→ Data provided
- - -

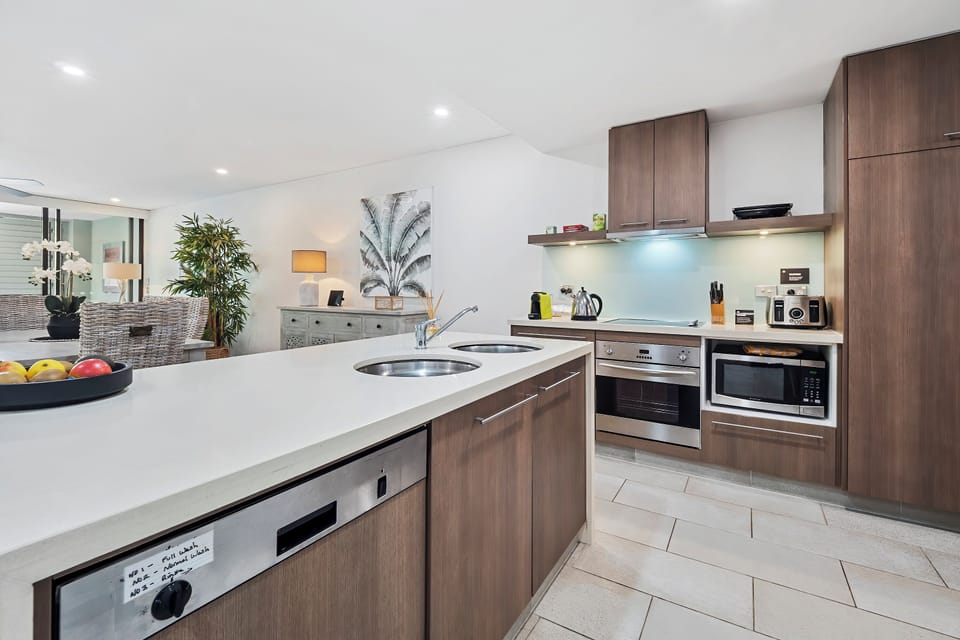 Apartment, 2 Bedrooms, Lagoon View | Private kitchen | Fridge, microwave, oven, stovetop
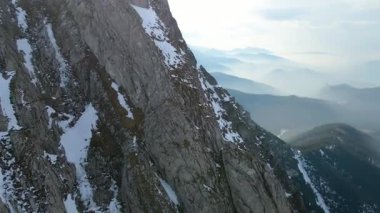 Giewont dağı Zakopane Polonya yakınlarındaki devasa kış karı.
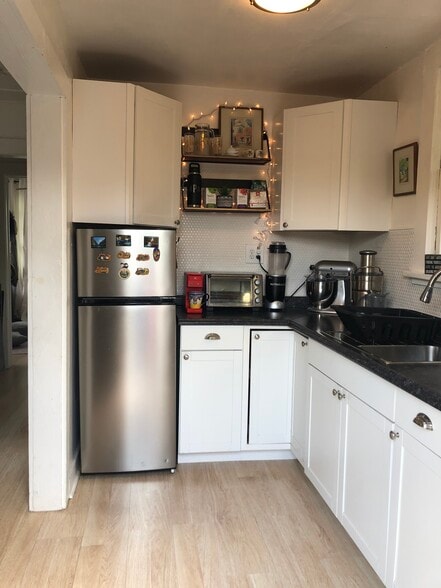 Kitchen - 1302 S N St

- - -

→ Activity
Could every line above be set down exactly, with the pictures omitted?

→ Answer space
 Apartment, 2 Bedrooms, Lagoon View | Private kitchen | Fridge, microwave, oven, stovetop
 Giewont dağı Zakopane Polonya yakınlarındaki devasa kış karı.
 Kitchen - 1302 S N St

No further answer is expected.